• Data records
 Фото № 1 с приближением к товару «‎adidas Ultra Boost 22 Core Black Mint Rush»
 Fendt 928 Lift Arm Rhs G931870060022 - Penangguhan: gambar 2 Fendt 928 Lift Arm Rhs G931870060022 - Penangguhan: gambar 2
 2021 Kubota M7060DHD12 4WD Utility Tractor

---

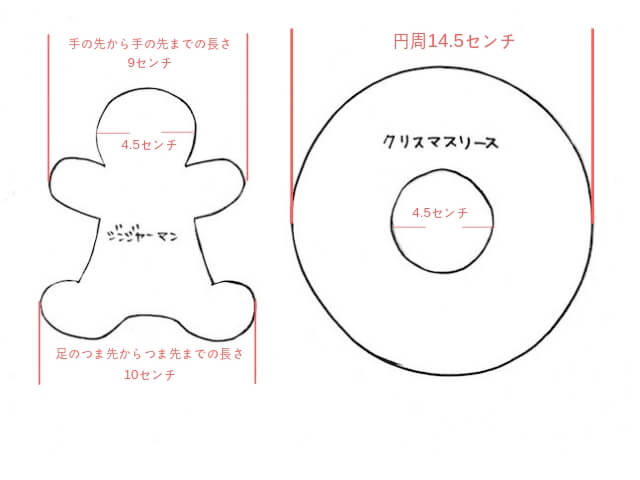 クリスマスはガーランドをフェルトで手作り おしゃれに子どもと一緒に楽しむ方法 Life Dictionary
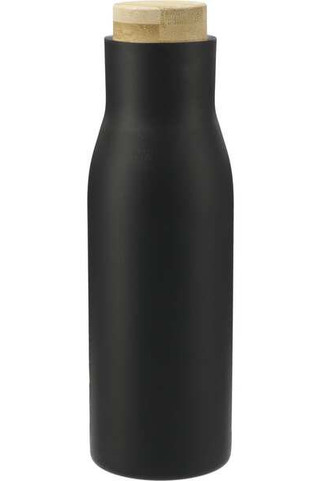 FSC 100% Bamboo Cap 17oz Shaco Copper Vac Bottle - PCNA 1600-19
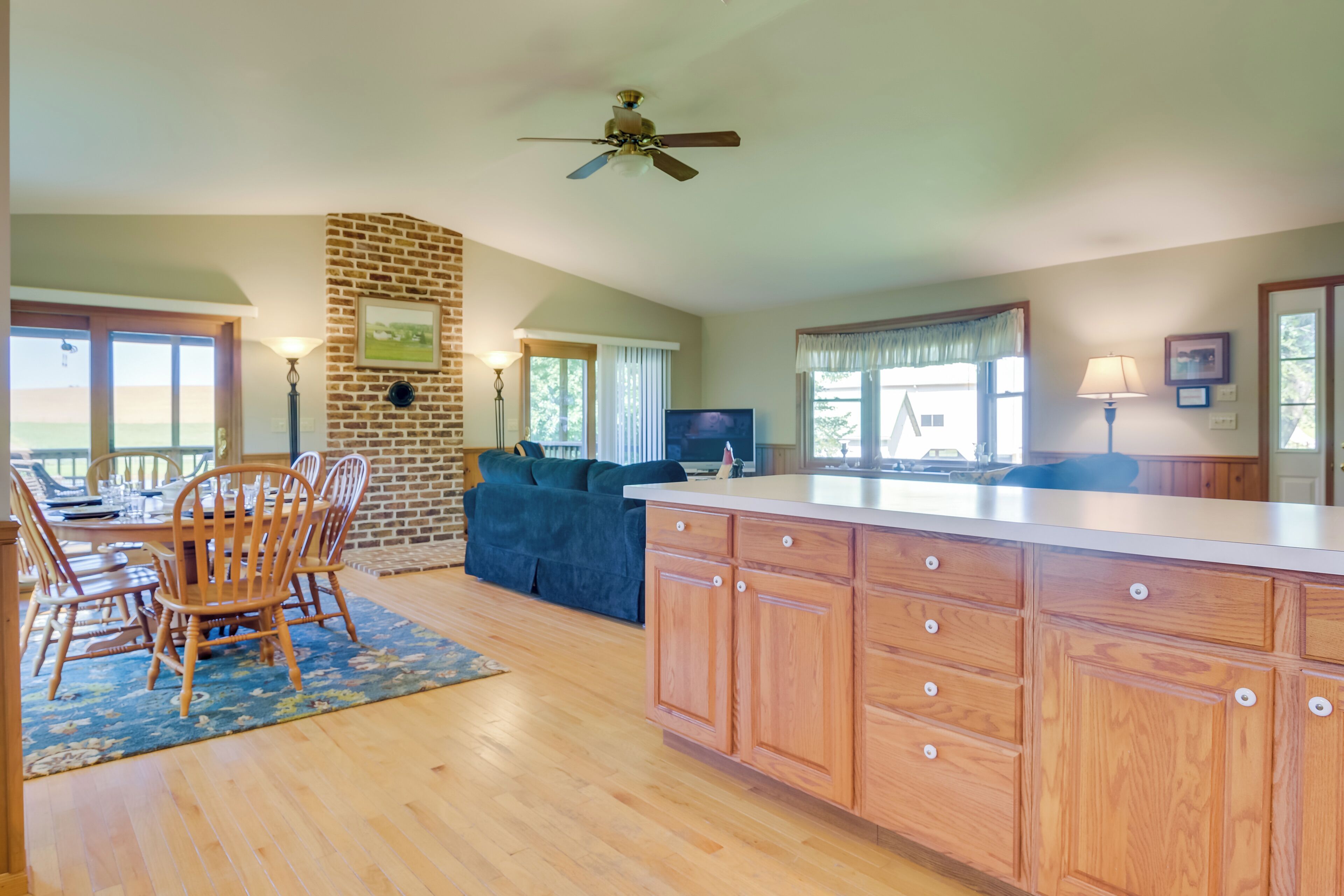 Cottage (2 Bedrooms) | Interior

==

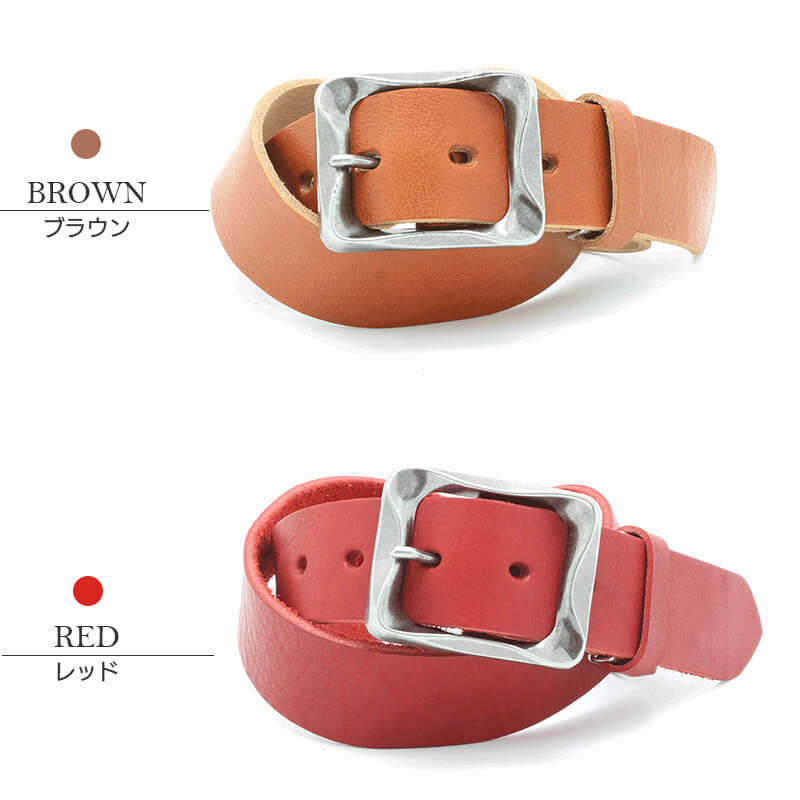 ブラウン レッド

• Task requirements
Give back exactly the lines above from the one with "FSC 100% Bamboo" through the one with "Cottage (2 Bedrooms) | Interior", both included. Pictures don't belong in the copy.

• Solved problem
 FSC 100% Bamboo Cap 17oz Shaco Copper Vac Bottle - PCNA 1600-19
 Cottage (2 Bedrooms) | Interior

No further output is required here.